Sommario: Il cittadino-cliente – Infantilizzazione e mito dell’adulto – Deificazione del desiderio – Carpe diem! – Paradossi libertari – Fine della politica?]

Nel saggio Consumati: da cittadini a clienti (Einaudi, 2010), il politologo americano Benjamin Barber dedica tutta la prima parte all‘ideologia infantilistica che permea questa fase dello sviluppo capitalistico. L’autore sostiene come proprio l’infantilizzazione sia diventata il motore più importante del modello consumistico impostosi negli ultimi decenni, specie dopo l’abbandono dell’originario spirito dell’etica protestante e il passaggio dalla fase della produzione dei beni a quella dei bisogni.
L’operazione in corso è a tenaglia: da una parte abbassare la soglia dell’età del consumo, dall’altra infantilizzare il mondo adulto. Interessante come l’autore rilevi en passant che per far ciò il Capitale utilizza anche la leva dell’indebolimento delle figure parentali, “guardiani del cancello”, al fine di conquistare menti e anime dei bambini.

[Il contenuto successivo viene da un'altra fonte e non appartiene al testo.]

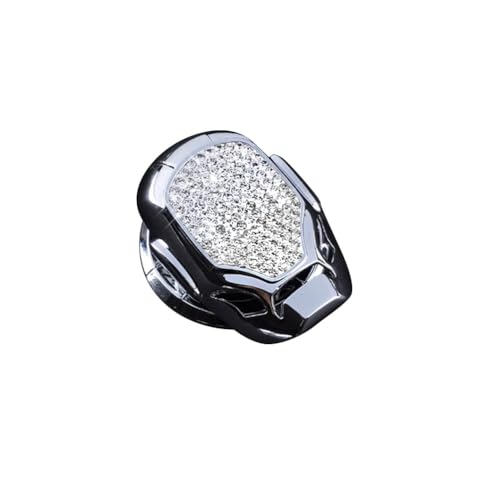 Bling Bling Auto Motor Startknopf Abdeckung, 150 ° Drehung Universal Kartoon Auto Motor Start Stop Knopf Schutzhülle Motor Schalter Dekor Zündknopf Abdeckung Zündknopf Dekor,Silber Weiß von GINKOEHD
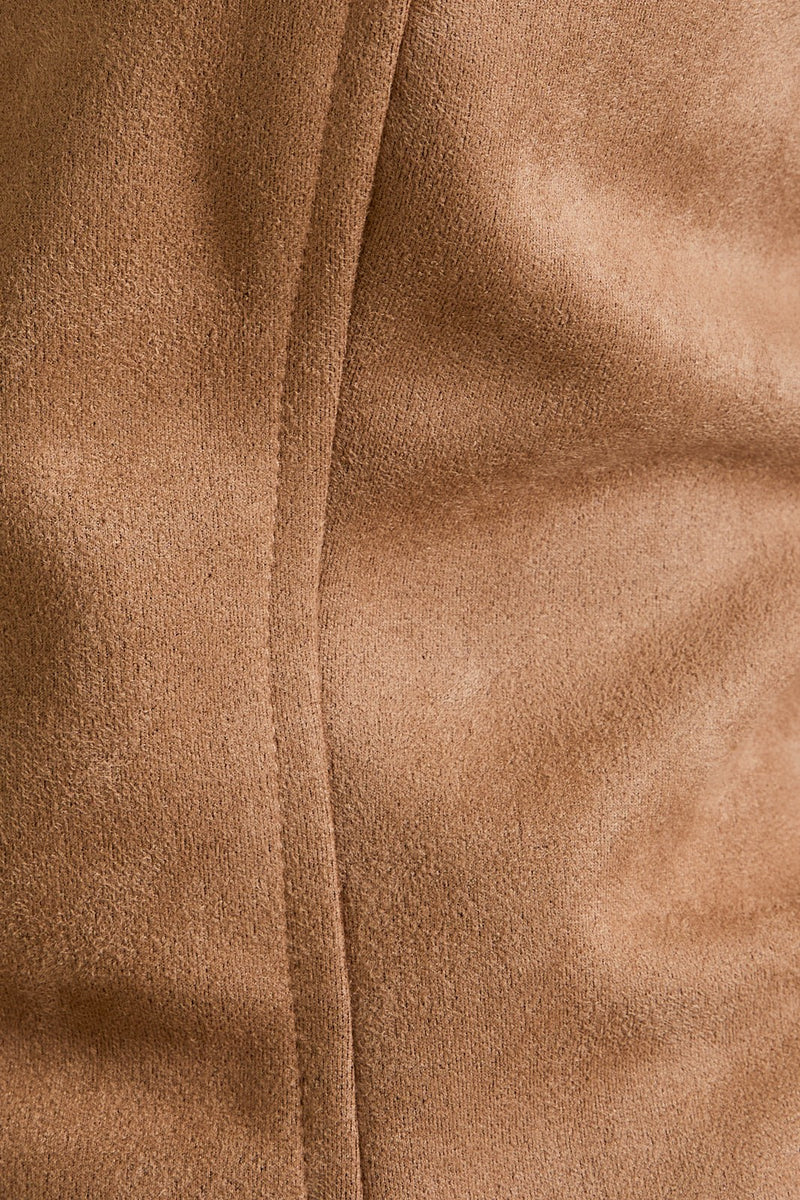 Le Lis Camel Button Front Suede Tube Blazer Top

Il fulcro del processo non poteva che essere il mondo americano – Nuovo Mondo da sempre per antonomasia. A tal proposito vorrei allargare il campo di osservazione scelto da Barber (al cui testo rinvio per l’analisi), e spostarmi sulle categorie socioantropologiche di lungo periodo sottese e su alcuni paradossali esiti che mi pare di aver ravvisato.